Güncelleme Tarihi:
“Terörün arkasında gizli servisler var... İngiltere'de iktidardaki Yeni İşçi Partisi milletvekili Michael Meacher, batıdaki terör saldırılarından gizli servisleri sorumlu tuttu.”www.acikgazete.com adresinden yayın yapan AÇIK GAZETE'dendi. (YANDA)
*
ÇELİKKAN KURTULDU
Radikal İki, eski yazarı Murat Çelikkan'ın dönüşünü şöyle anons etti:
“Çelikkan kurtuldu. Murat Çelikkan dört yıla yakın bir süredir ana gazetede yazıyordu. Onu İsmet Berkan'ın baskısından kurtararak İki'ye transfer ettik. Farkı göreceksiniz..”

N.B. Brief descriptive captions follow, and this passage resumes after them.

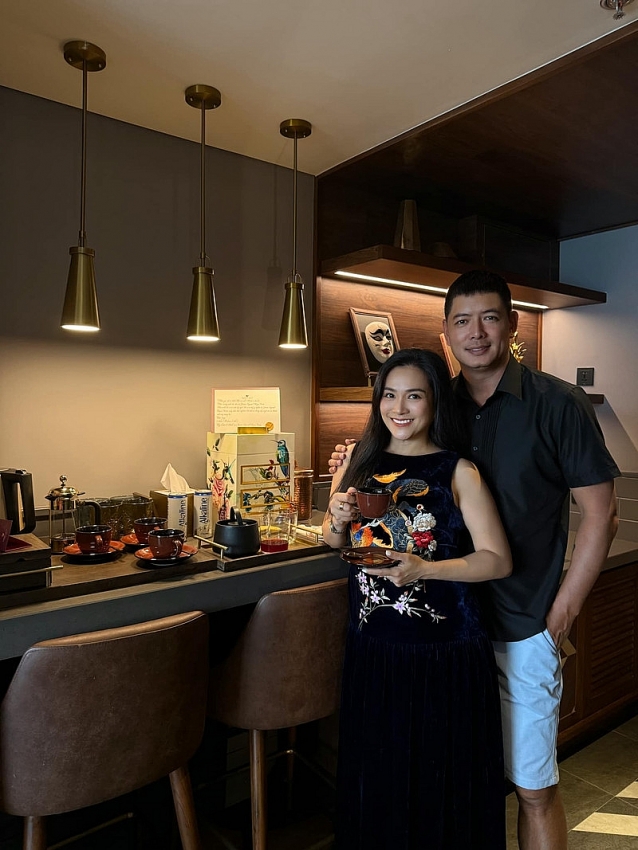 Từng là nam thần vạn người mê, Bình Minh gây tiếc nuối với diện mạo ở tuổi U50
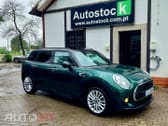 MINI Clubman One D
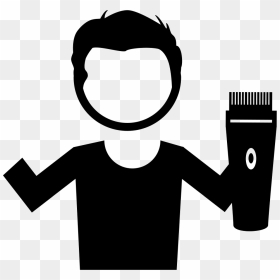 Hairdresser, HD Png Download - hairdresser png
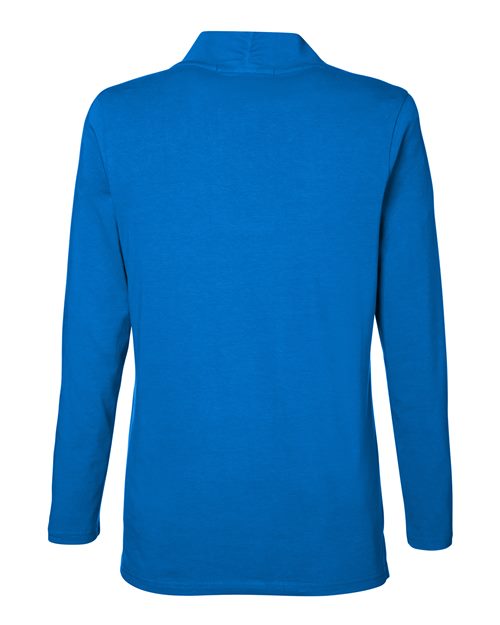 Back Product French Blue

Çelikkan da “Tekrar merhaba” yazısına şöyle giriyordu:
“Gördüğünüz gibi taşındım. (...) Bu durumu önce ana gazeteden Ek'e sürgün olarak nitelediysem de, Tuğrul Eryılmaz'ın 'Oğlum pazarları daha çok satıyoruz, daha çok okunursun' sözleriyle tesellli buldum. (...) Burada da olmazsa, Cumartesi Eki'ne giderim. O da fena satmıyor!”
Radikal İki, 4 eylül
*
İKTİDARIN 3 SORUNU
Prof.Hayrettin Karaman, Yeni Şafak gazetesinde “iktidarın üç mesele imtihanı” diye yazdı.

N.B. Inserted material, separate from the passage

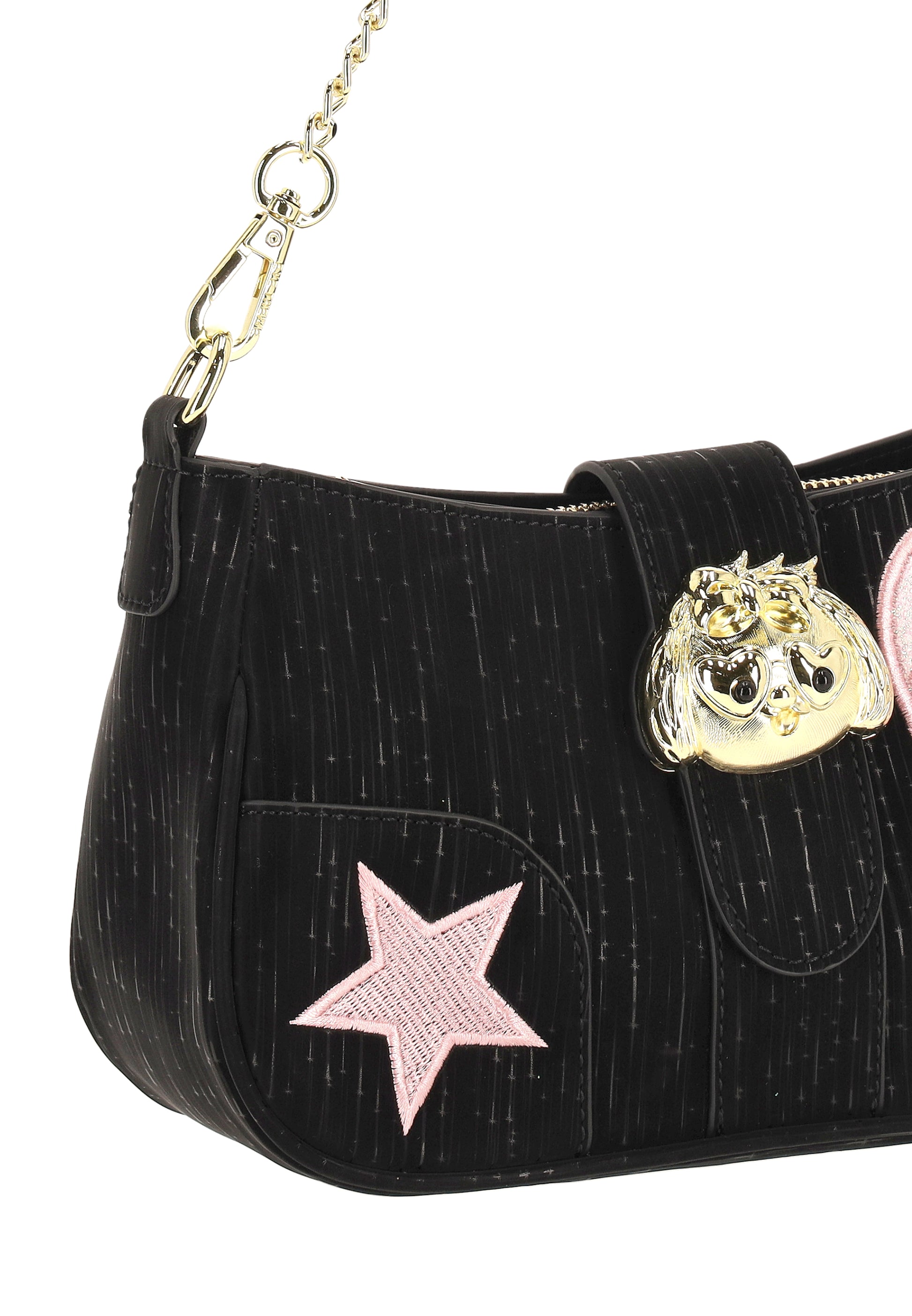 myMo pop EYETHEME Damenhandtasche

Karaman’a göre, AKP Hükümeti’nin süratle vermesi gereken 3 imtihan şunlar:
1-İmam-hatipler
2-Genel olarak din eğitimi sorunu
3-Türban
Memleketin, milletin başka derdi kalmamış çok şükür...
Milliyet, 5 eylül
*
MEHMET ALİ ILICAK'A GÜVENİYORUM
Son kez bu isimle yayımlanan DÜNDEN BUGÜNE TERCÜMAN gazetesinin birinci sayfasında şöyle bir anons yed aldı:
Mehmet Ali Ilıcak'a güveniyorum
Bugün, son defa "TERCÜMAN"da yazıyorum. Yarın bütün okurlarımla "BUGÜN" gazetesinde buluşmayı umut ediyorum.

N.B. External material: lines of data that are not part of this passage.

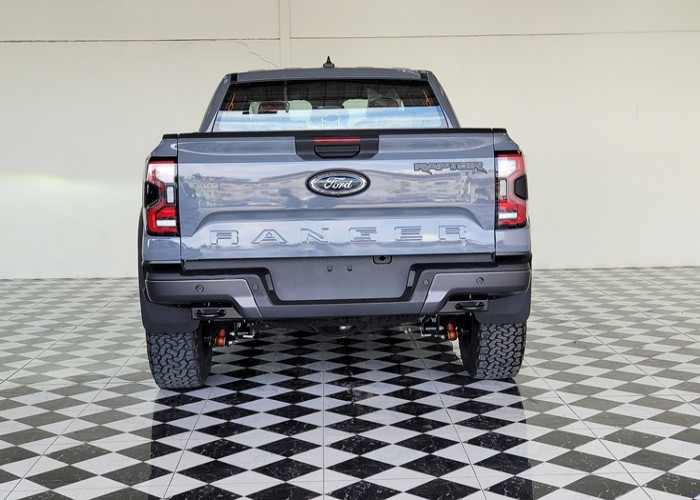 Used 1
                    FORD
                     for Sale Image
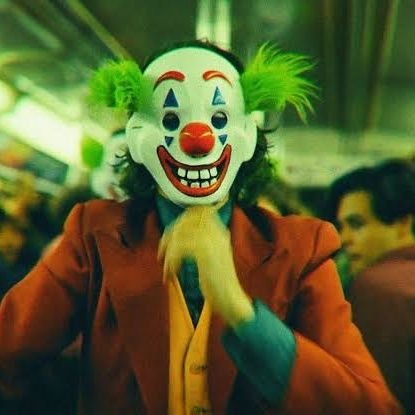 Daviid_A_'s profile picture. ▶La cara oculta de la crisis◀

Odio los dogmas establecidos por el sistema; soy agnóstico, un libre pensador. Opino sobre películas, música, política....frases.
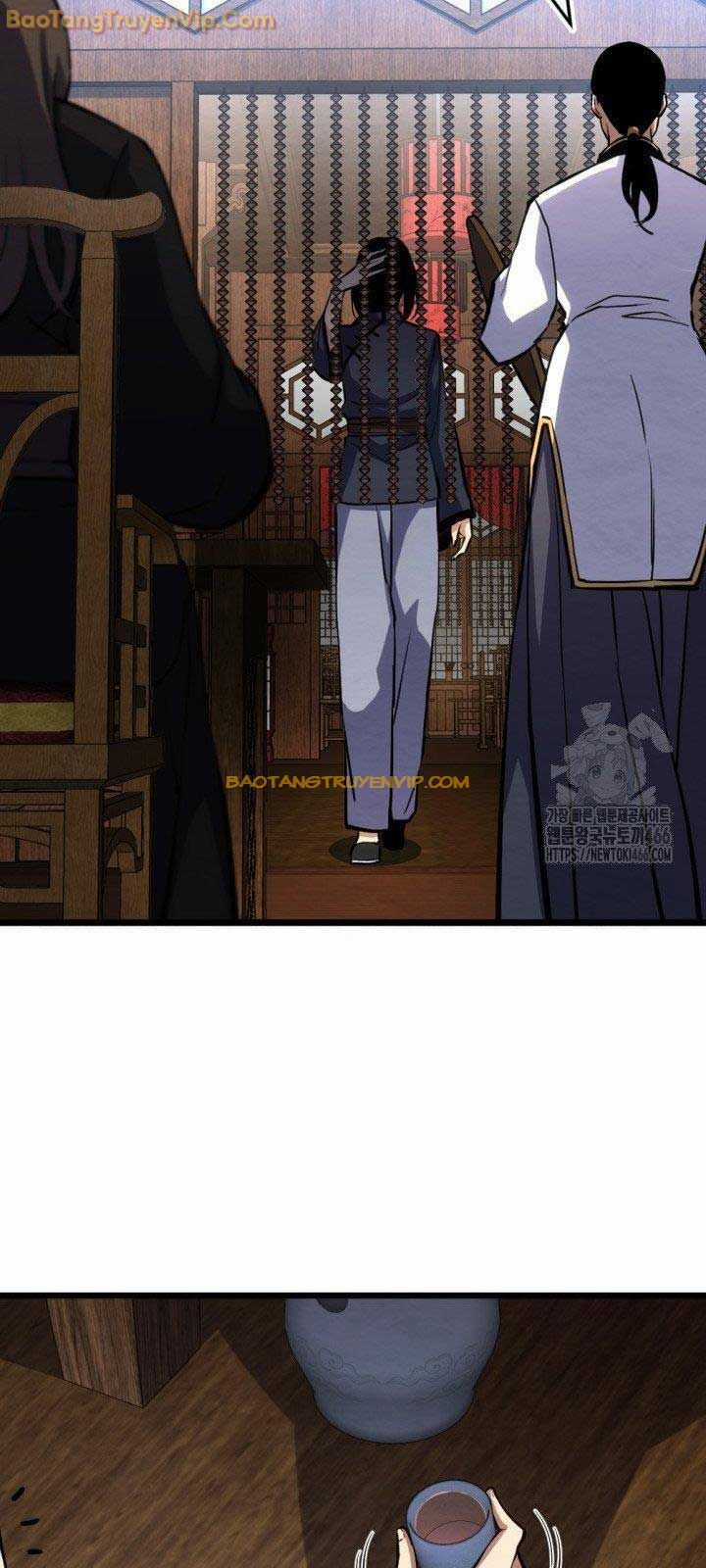 Lãng Nhân Bất Tử Chapter 17 trang 48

Her vedada bir nebze burukluk vardır; hayâl kırıklıkları da... Ama biz bir yandan veda ederken, bir yandan da taze bir başlangıca, sizlere BUGÜN'de "Merhaba" demeye hazırlanıyoruz.
İmza?
İmza, Nazlı Ilıcak... Mehmet Ali’nin bi’tanecik anneciği, Allah ayırmasın!
DB Tercüman, 5 eylül
*
DOMUZDAN YANA OLMAK
Abdullah Öcalan’ın siyasi muhatap kabul edilmesini isteyen PKK yandaşı bir grup çapulcu, Gemlik’te bir gösteri yapmak istedi, polis engelledi.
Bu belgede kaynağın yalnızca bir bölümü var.